> [RECORDED DATA]
##############################
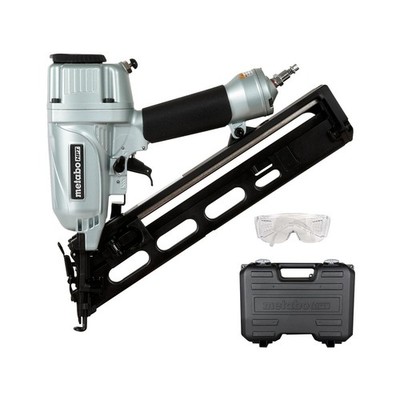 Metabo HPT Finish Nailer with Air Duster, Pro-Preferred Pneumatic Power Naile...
##############################
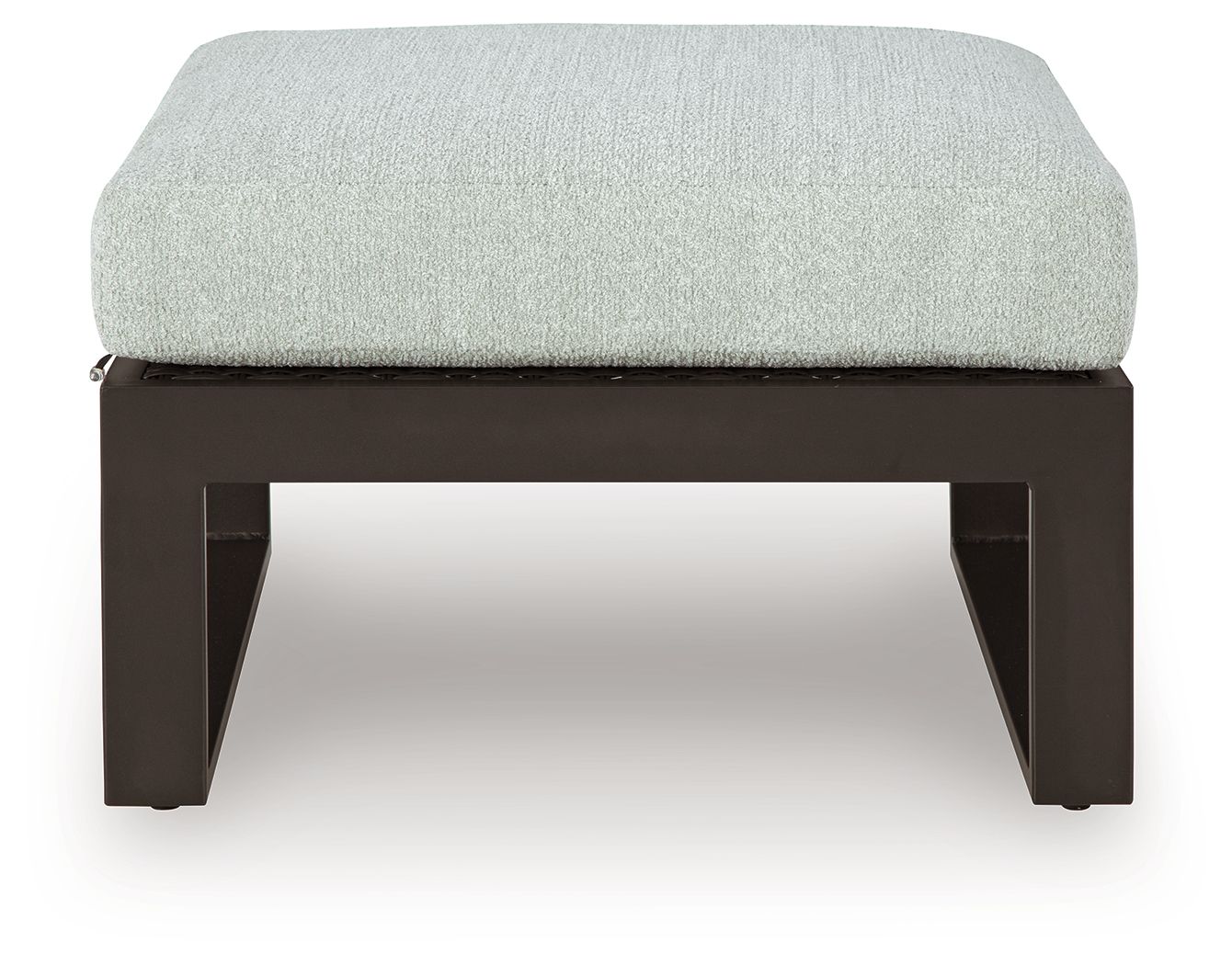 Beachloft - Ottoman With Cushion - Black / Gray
##############################
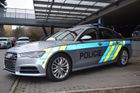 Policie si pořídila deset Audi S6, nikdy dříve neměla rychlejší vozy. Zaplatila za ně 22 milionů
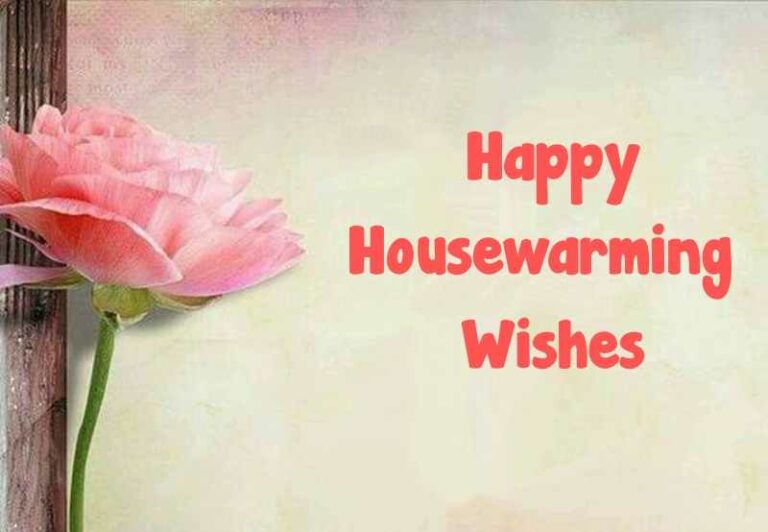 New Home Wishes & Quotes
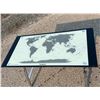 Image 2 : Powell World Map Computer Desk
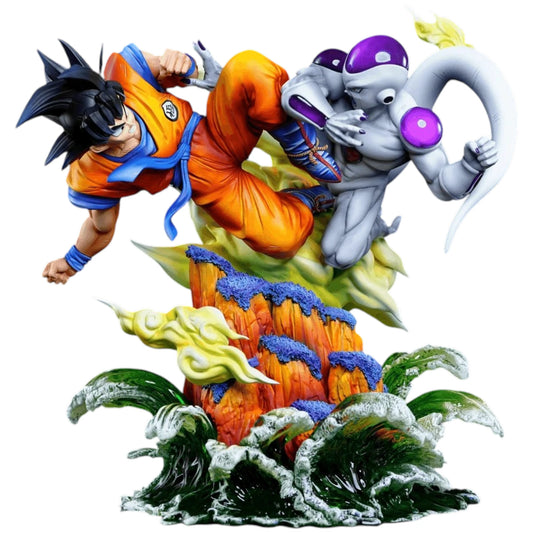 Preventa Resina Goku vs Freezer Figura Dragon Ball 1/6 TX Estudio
##############################
Leaving each picture behind, please give again exactly the lines above from the one with "New Home Wishes & Quotes" through the one with "Preventa Resina Goku", both included, and no others.

> [PROBLEM SOLUTION]
 New Home Wishes & Quotes
 Image 2 : Powell World Map Computer Desk
 Preventa Resina Goku vs Freezer Figura Dragon Ball 1/6 TX Estudio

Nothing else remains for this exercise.